_WHAT IS BEING ASKED_
Should any entry hold a picture, omit that picture and copy the rest of the entry exactly.
Start of DATA FOR REVIEW
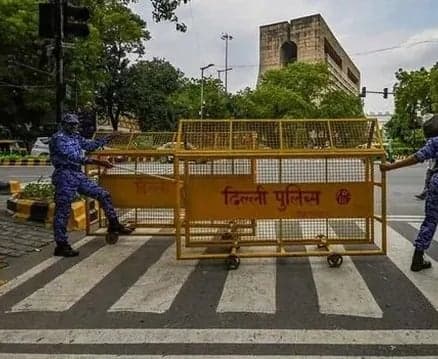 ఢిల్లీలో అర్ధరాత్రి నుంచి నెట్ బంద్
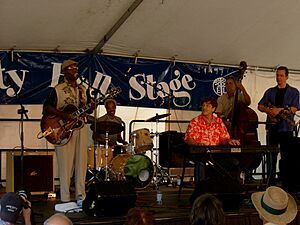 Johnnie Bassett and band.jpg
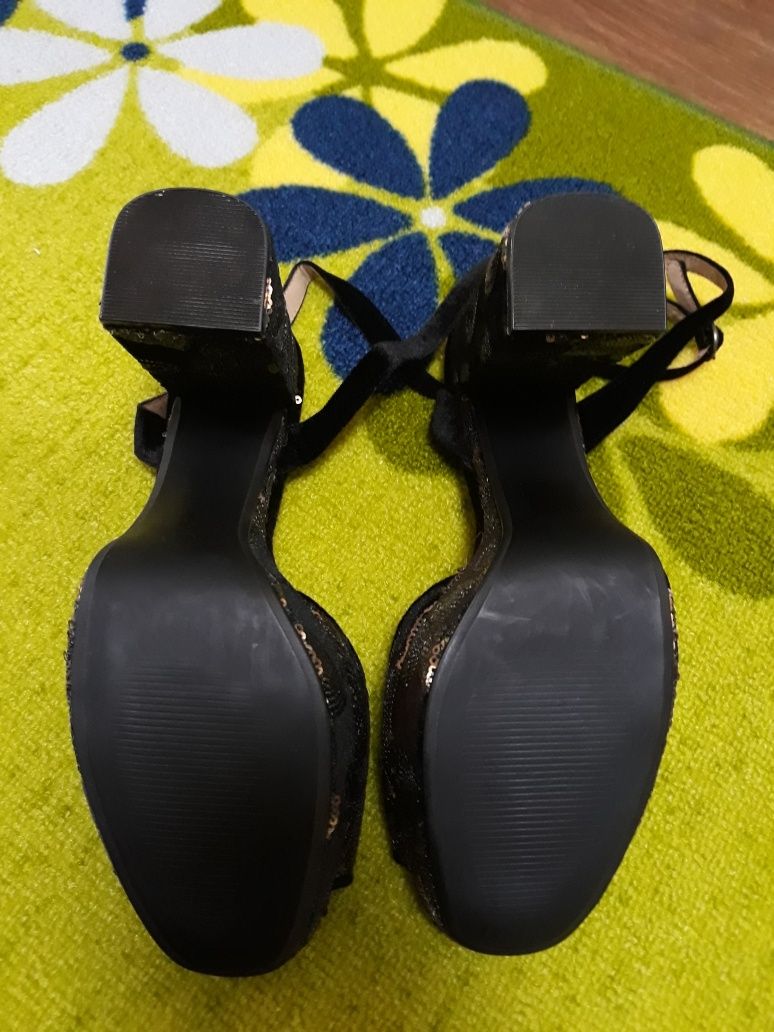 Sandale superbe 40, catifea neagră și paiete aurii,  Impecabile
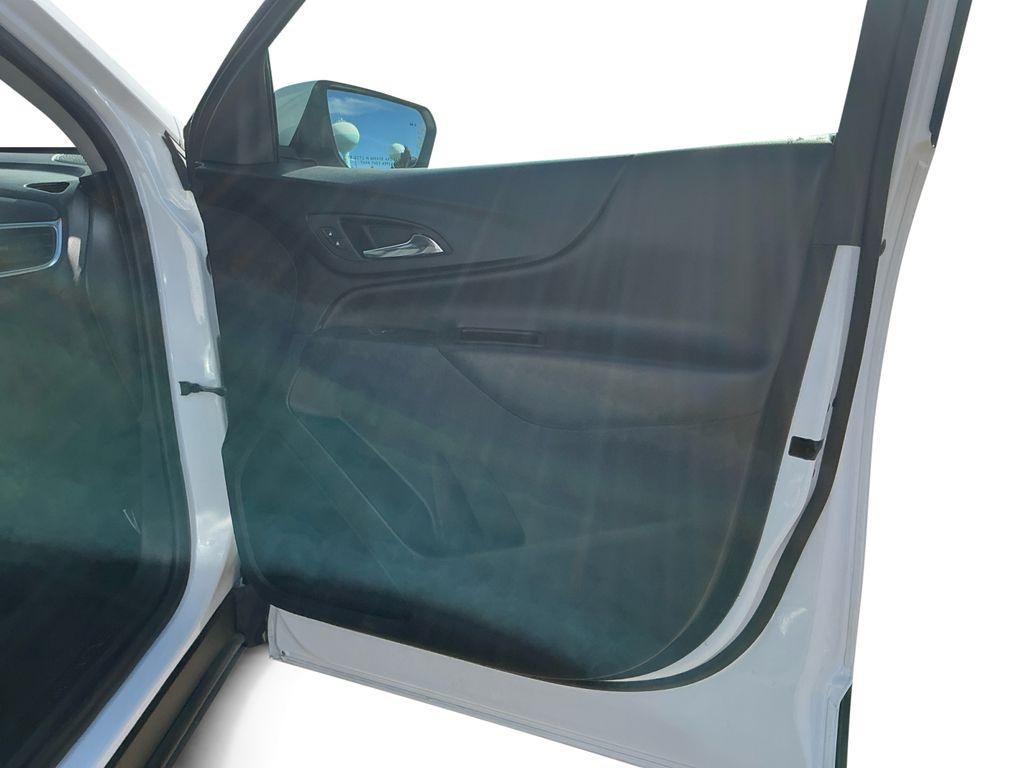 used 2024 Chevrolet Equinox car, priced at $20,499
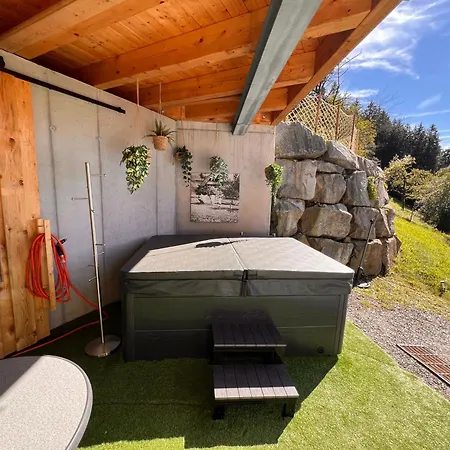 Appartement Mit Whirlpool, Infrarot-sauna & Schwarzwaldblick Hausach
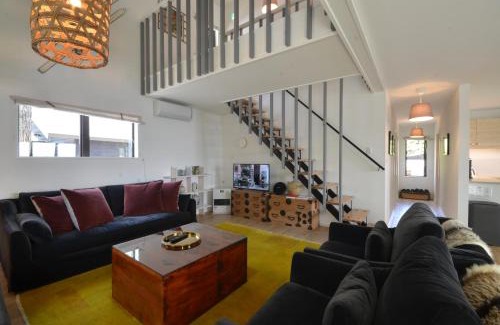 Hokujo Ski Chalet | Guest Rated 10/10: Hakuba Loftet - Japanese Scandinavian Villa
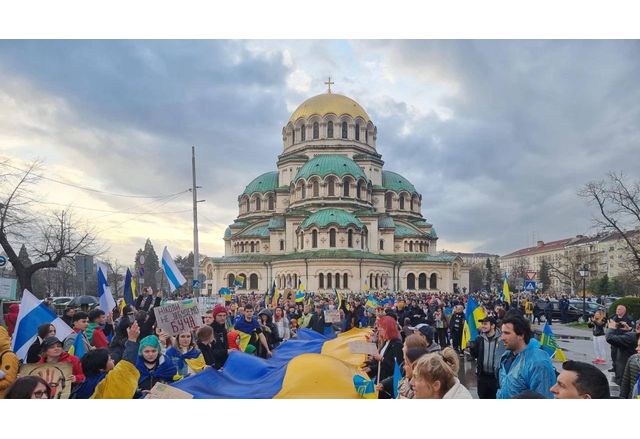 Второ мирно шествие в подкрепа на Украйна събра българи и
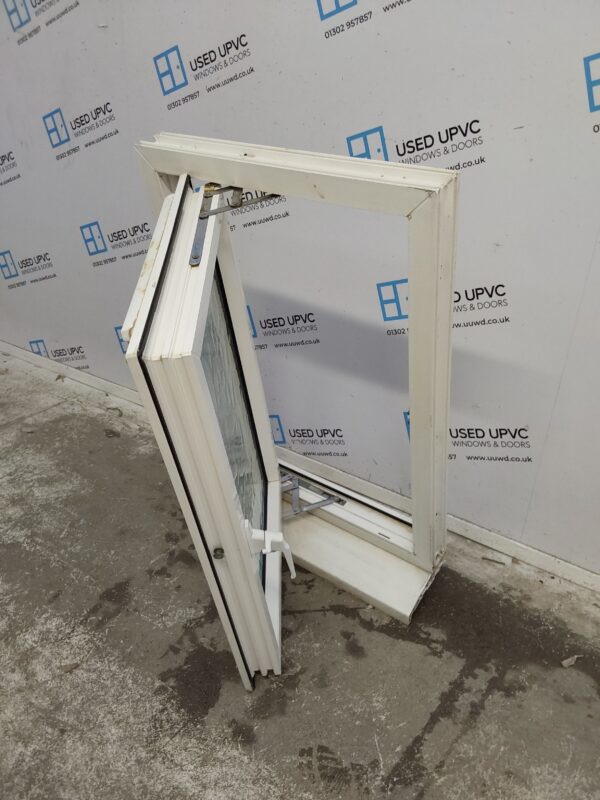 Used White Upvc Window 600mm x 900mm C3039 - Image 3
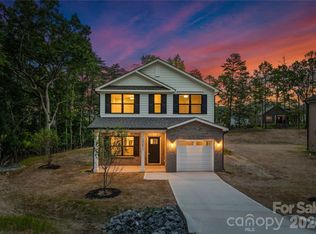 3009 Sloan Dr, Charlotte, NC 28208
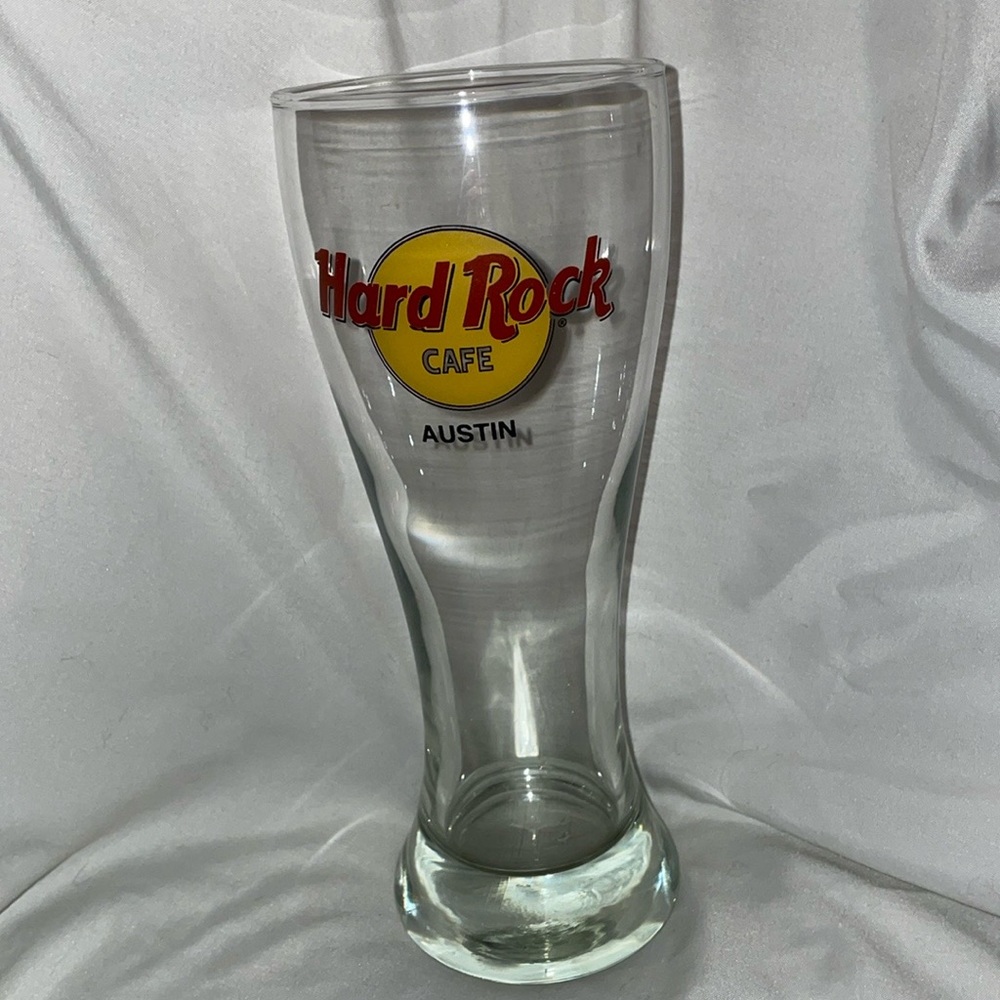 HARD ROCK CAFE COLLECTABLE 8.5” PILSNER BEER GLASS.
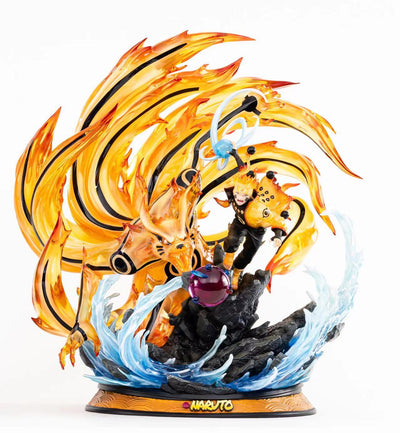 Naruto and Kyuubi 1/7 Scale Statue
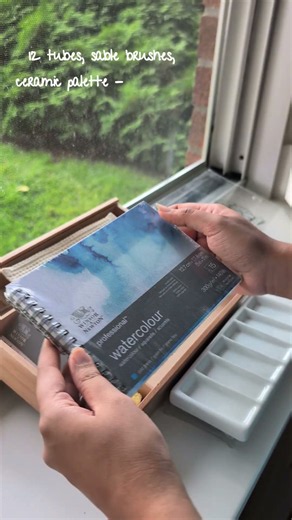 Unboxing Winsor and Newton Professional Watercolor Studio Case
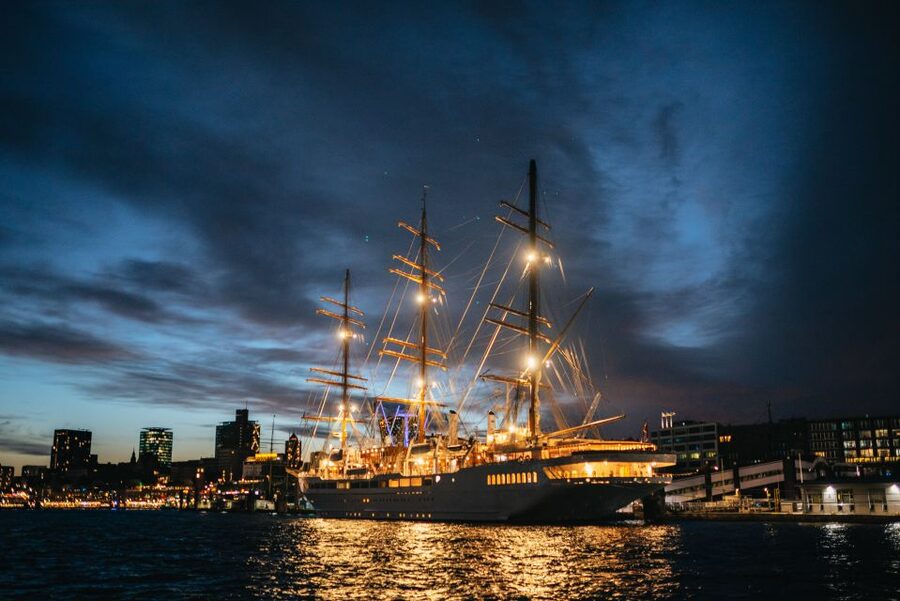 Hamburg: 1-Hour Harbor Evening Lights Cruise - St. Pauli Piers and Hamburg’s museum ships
End of DATA FOR REVIEW
_REPLY_
 ఢిల్లీలో అర్ధరాత్రి నుంచి నెట్ బంద్
 Johnnie Bassett and band.jpg
 Sandale superbe 40, catifea neagră și paiete aurii,  Impecabile
 used 2024 Chevrolet Equinox car, priced at $20,499
 Appartement Mit Whirlpool, Infrarot-sauna & Schwarzwaldblick Hausach
 Hokujo Ski Chalet | Guest Rated 10/10: Hakuba Loftet - Japanese Scandinavian Villa
 Второ мирно шествие в подкрепа на Украйна събра българи и
 Used White Upvc Window 600mm x 900mm C3039 - Image 3
 3009 Sloan Dr, Charlotte, NC 28208
 HARD ROCK CAFE COLLECTABLE 8.5” PILSNER BEER GLASS.
 Naruto and Kyuubi 1/7 Scale Statue
 Unboxing Winsor and Newton Professional Watercolor Studio Case
 Hamburg: 1-Hour Harbor Evening Lights Cruise - St. Pauli Piers and Hamburg’s museum ships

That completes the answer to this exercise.